L’annulation officielle de l’Ironman de Nice, décidée par le préfet des Alpes-Maritimes afin de préserver les services d’urgence face à une canicule exceptionnelle, n’a pas dissuadé certains participants de se lancer malgré tout sur le parcours. Selon des témoignages concordants, plusieurs dizaines de triathlètes ont convergé, samedi matin, vers le point de départ habituel de la course, déterminés à effectuer leur propre version de l’épreuve, sans validation ni encadrement des organisateurs.

La préfecture, informée de ce rassemblement non déclaré, a rapidement réagi par un communiqué menaçant de verbaliser les contrevenants. Elle rappelle que tout événement sportif sur la voie publique sans autorisation préfectorale est passible d’une amende et que les participants s’exposent à des sanctions pénales en cas de nécessité de secours. Les forces de l’ordre ont été déployées pour surveiller les accès et dissuader toute action non conforme à l’arrêté.

Un contexte climatique extrême

La décision initiale de la préfecture de supprimer l’Ironman de Nice, programmé pour ce week-end, avait été motivée par les températures caniculaires dépassant les 35 °C sur le littoral, avec un risque accru de malaise pour les sportifs. Les services d’urgence, déjà sous tension en raison de la vague de chaleur, ne pouvaient garantir une couverture médicale suffisante pour une épreuve d’endurance de plusieurs heures. L’annulation, exceptionnelle, avait été saluée par une partie du milieu sportif mais contestée par d’autres, attachés à la tradition de l’événement.

Dans ce climat de frustration, une partie des inscrits a décidé de passer outre l’interdiction. « Nous avions préparé cette course depuis des mois, nous étions sur place, il était impossible de repartir sans avoir nagé, pédalé et couru », a confié un participant sous couvert d’anonymat. Ils ont improvisé un départ échelonné depuis la plage de Nice, suivis par quelques spectateurs et des proches. Aucun dossard officiel, aucun ravitaillement, aucune assistance médicale, mais un parcours identique à celui de l’Ironman, du moins sur les portions ouvertes au public.

La préfecture serre la vis

Les autorités n’ont pas tardé à réagir. « Ces agissements sont irresponsables. En cas de malaise ou d’accident, ce sont les mêmes secours que nous cherchons à préserver qui seront mobilisés », a déclaré un porte-parole de la préfecture. Cette dernière a précisé que des patrouilles de gendarmerie et de police nationale étaient déployées le long du parcours pour constater les infractions et verbaliser sur le fondement de l’arrêté temporaire interdisant toute manifestation sportive non autorisée dans le cadre de la canicule.

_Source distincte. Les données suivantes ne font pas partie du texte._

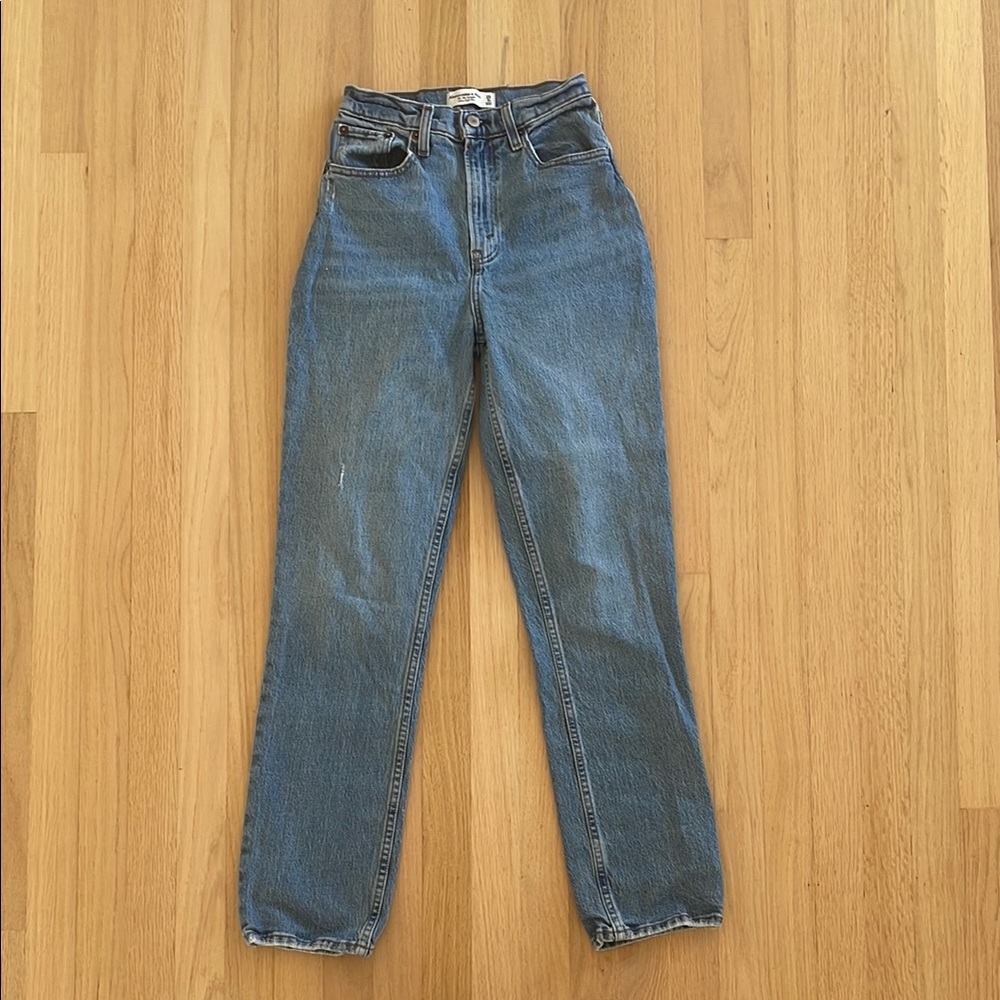 Abercrombie curve love 90’s jean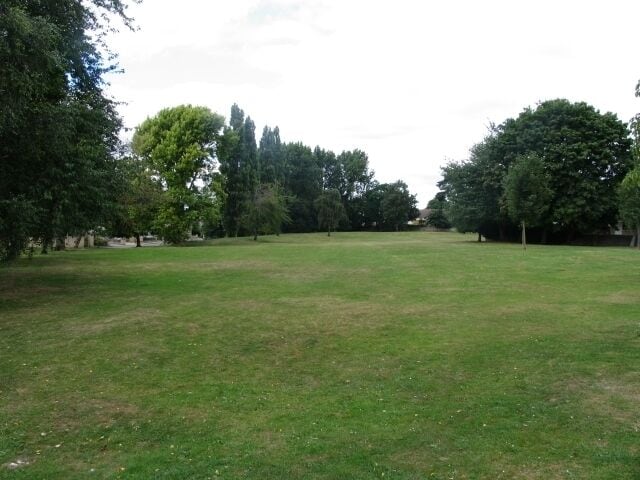 Newcourt Road Green, Charlton Kings This open space lies between the main A435 and a prosperous residential area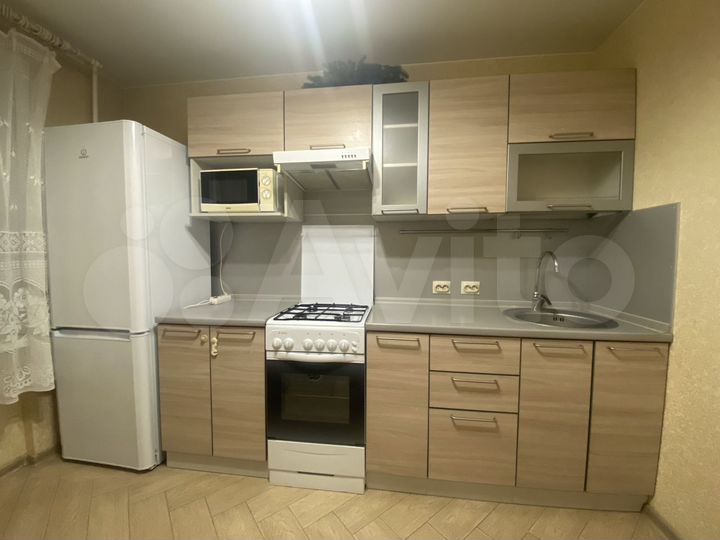 1-к. квартира, 38 м², 6/10 эт.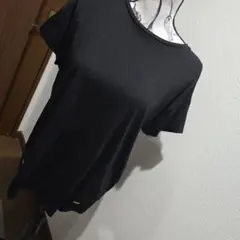 LUCA★新品同様★ブラック 半袖 Tシャツのサムネイル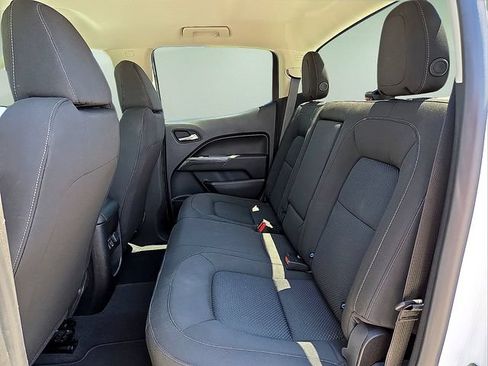 Used 2022 Chevrolet Colorado LT RWD image 13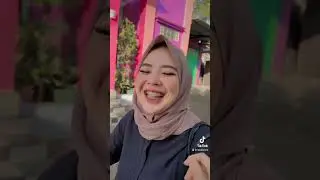 Ibu guru gemoy 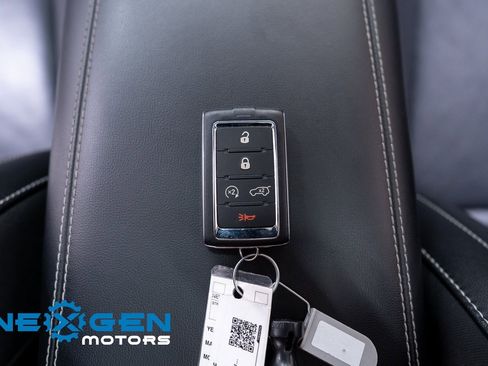 Used 2022 Jeep Grand Cherokee Limited image 28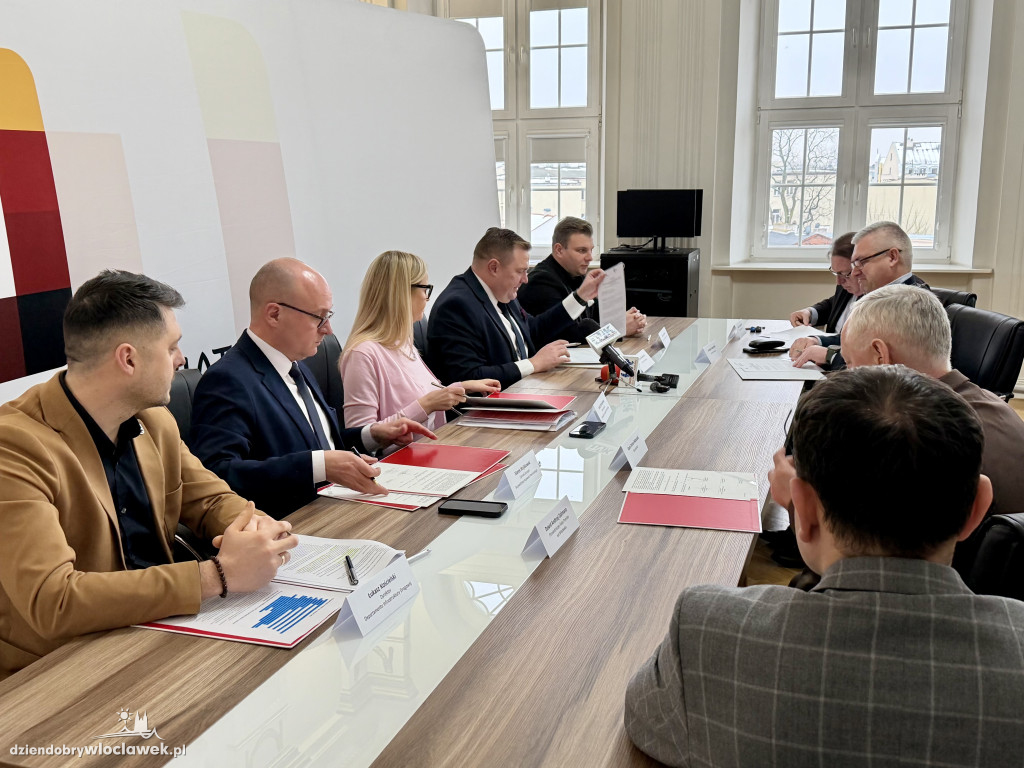 Podpisanie porozumienia w Starostwie Powiatowym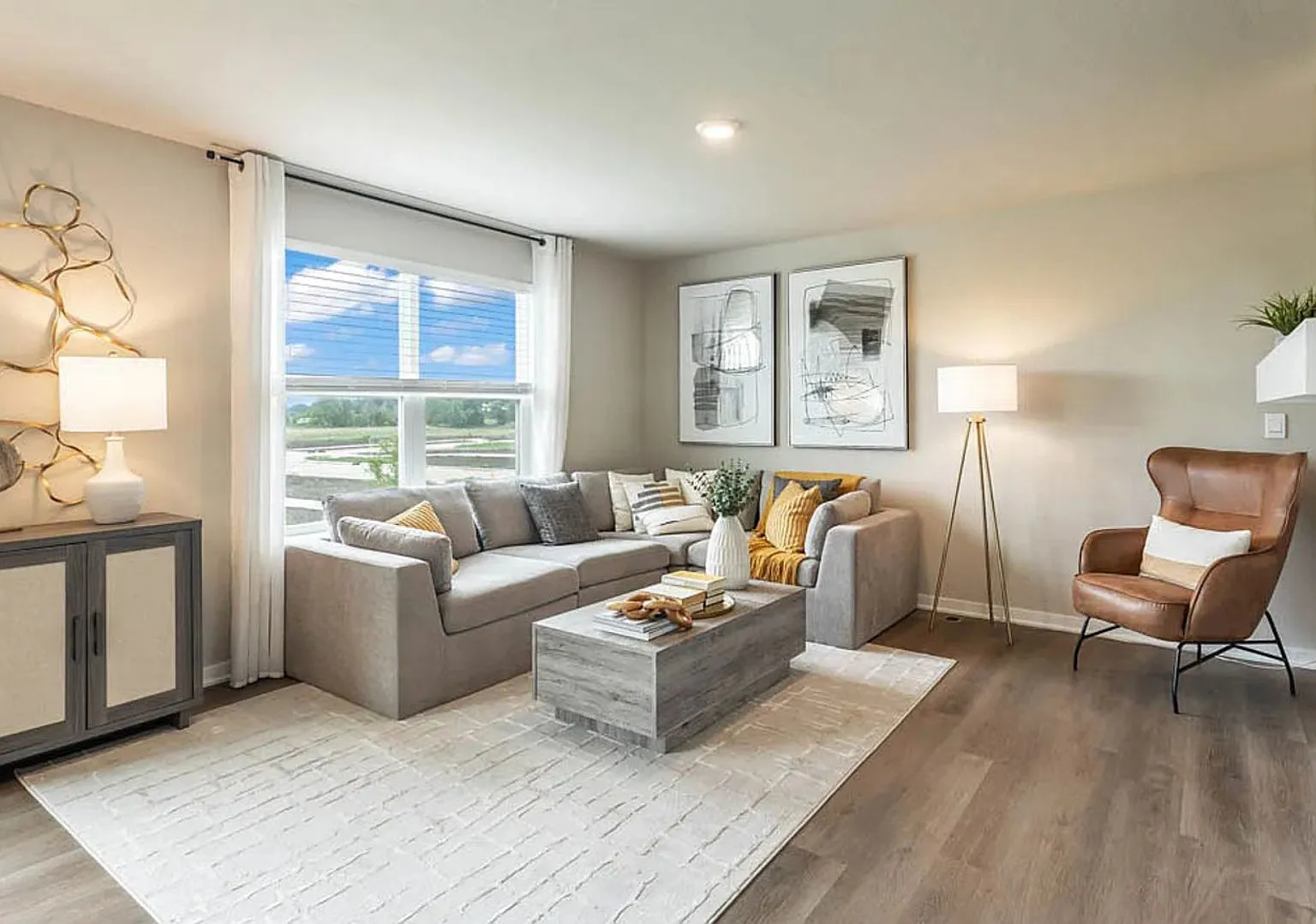 Spacious 4BR House in Grimes — Photo 4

Les triathlètes engagés dans cette course parallèle encourent une contravention de quatrième classe (135 euros d’amende forfaitaire) et, en cas de récidive ou de trouble à l’ordre public, des poursuites pénales plus lourdes. Des panneaux d’information ont été installés aux points stratégiques, et des messages diffusés sur les réseaux sociaux appellent les sportifs à la raison.

Un précédent controversé

Cette situation n’est pas sans rappeler des épisodes similaires survenus lors d’autres événements annulés pour raisons climatiques ou sanitaires, où des participants ont tenté de maintenir leur pratique coûte que coûte. Les organisateurs officiels de l’Ironman de Nice, contactés, ont rappelé qu’ils ne sont en aucun cas responsables de cette initiative non officielle et déconseillent formellement d’y prendre part. Ils soulignent que l’assurance de l’épreuve ne couvre pas les sportifs en dehors du cadre agréé.

Les services de secours, de leur côté, ont renforcé leurs moyens de surveillance et restent en alerte. La Croix-Rouge et les pompiers du département ont été prépositionnés sur plusieurs secteurs, mais leur capacité d’intervention reste limitée par la chaleur.

Quel bilan ?

À l’heure où ces lignes sont écrites, aucun incident grave n’a été signalé, mais la situation demeure tendue. Le préfet pourrait convoquer dans les prochaines heures une cellule de crise pour évaluer l’opportunité d’étendre les mesures restrictives. En attendant, la préfecture réitère son appel au civisme et à la responsabilité individuelle. « La santé publique prime sur toute compétition sportive », insiste-t-on dans l’entourage du préfet.

Cette affaire illustre les difficultés à concilier passion sportive et impératifs sanitaires en période de canicule. Elle pose aussi la question de l’acceptation des décisions administratives par les citoyens, même lorsque celles-ci sont dictées par l’urgence climatique.